Почему мы здесь вынуждены отдельно останавливаться на "идейных корнях"? Потому что интегральный консерватизм, по самому своему понятию, больше "зависит" от собственной интеллектуальной традиции, чем ситуационный. Но, безусловно, в анализе идеологий исследование преемственности не должно заменять понимания идентичности. Чтобы реконструировать идейно-политическое ядро интегрально-консервативной позиции, нам не избежать еще одного погружения в теорию.

Попытка понять консерватизм как полноценного оппонента либерализма и социализма обращает нас к "осевому времени" истории идеологий, каковым является эпоха Просвещения.
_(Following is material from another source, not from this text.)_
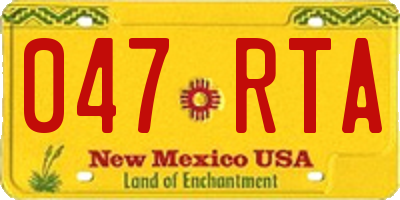 NM license plate 047RTA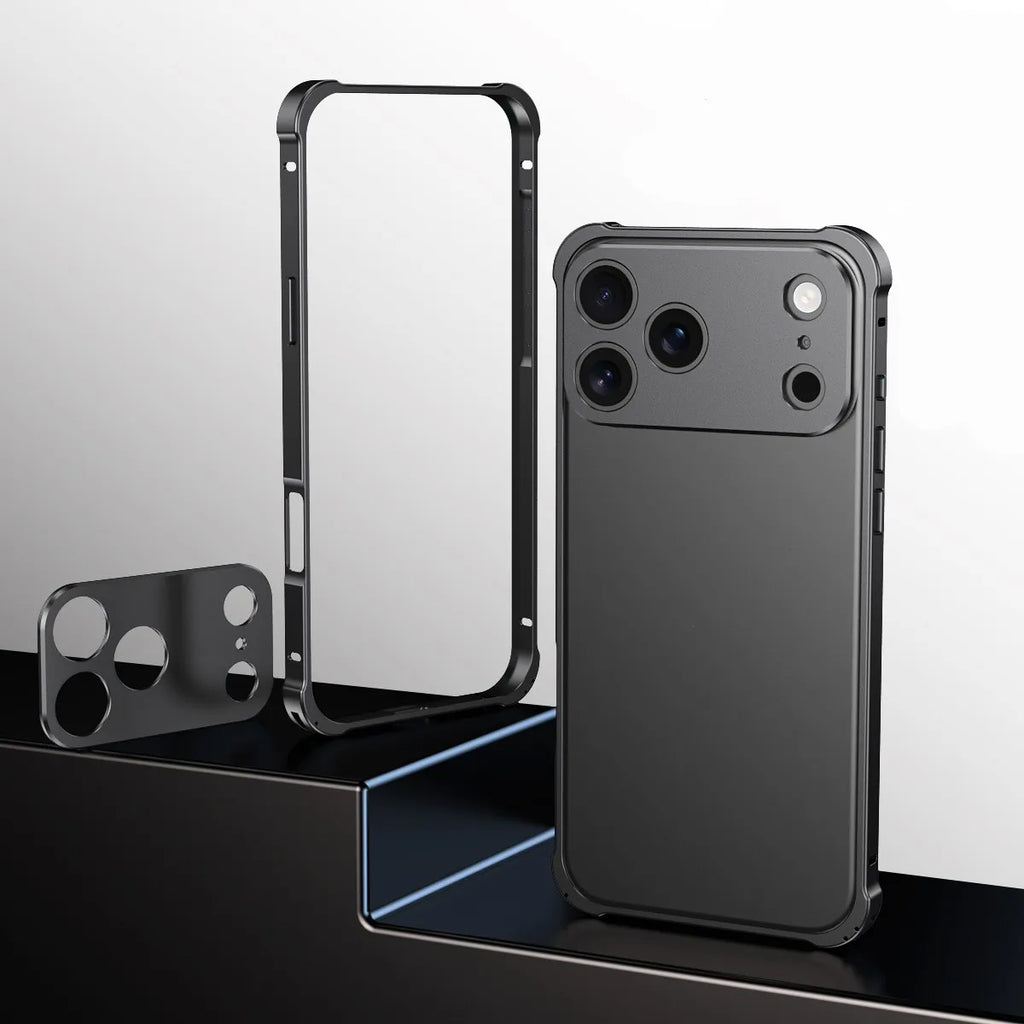 New Product 2025 Luxury Metal Frame Aluminum Alloy Anti-Drop Mobile Phone case with Lens Protection for iphone 17 Pro Air Max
Тот же Мангейм пишет, что "консервативная мысль появилась как независимое течение, когда ее вынудили к сознательной оппозиции буржуазно-революционной мысли, способу мышления, основанному на идее естественного права". Поскольку речь идет именно о способе мышления, а не об одной из частных теорий, Мангейм воссоздает его проекции в разных сферах (чтобы проявить структуру того вызова, на который "отвечает" консерватизм). Он выделяет несколько политических опорных идей естественно-правового мышления: натурализм (гипотеза "естественного состояния"), контрактный подход к обществу (абстракция "общественного договора"), демократизм (концепция народного суверенитета), метафизический эгалитаризм (доктрина неотъемлемых прав человека). И несколько методологических черт: рационализм, индивидуализм, универсализм в подходе к истории, атомизм и механицизм в социологии и так далее. Названные особенности "просвещенческого" мышления существуют в системе, "держатся друг за друга", поэтому организующая их изнутри "точка сборки" может видеться по-разному. Это не обязательно идея "естественного права" по Мангейму. Для тех же французских "новых правых" она сама — лишь проявление универсалистского подхода к миру, корень которого, на мой взгляд, не в идее универсальной применимости законов и норм, а в склонности Просвещения переживать всеобщность сознания как источник значимости, абстракцию как форму ценности. (Эта логика рождения ценностного из способности к абстракции звучит в категорическом императиве Канта: "Поступай так, чтобы максима твоей воли могла в то же время иметь силу принципа всеобщего законодательства".)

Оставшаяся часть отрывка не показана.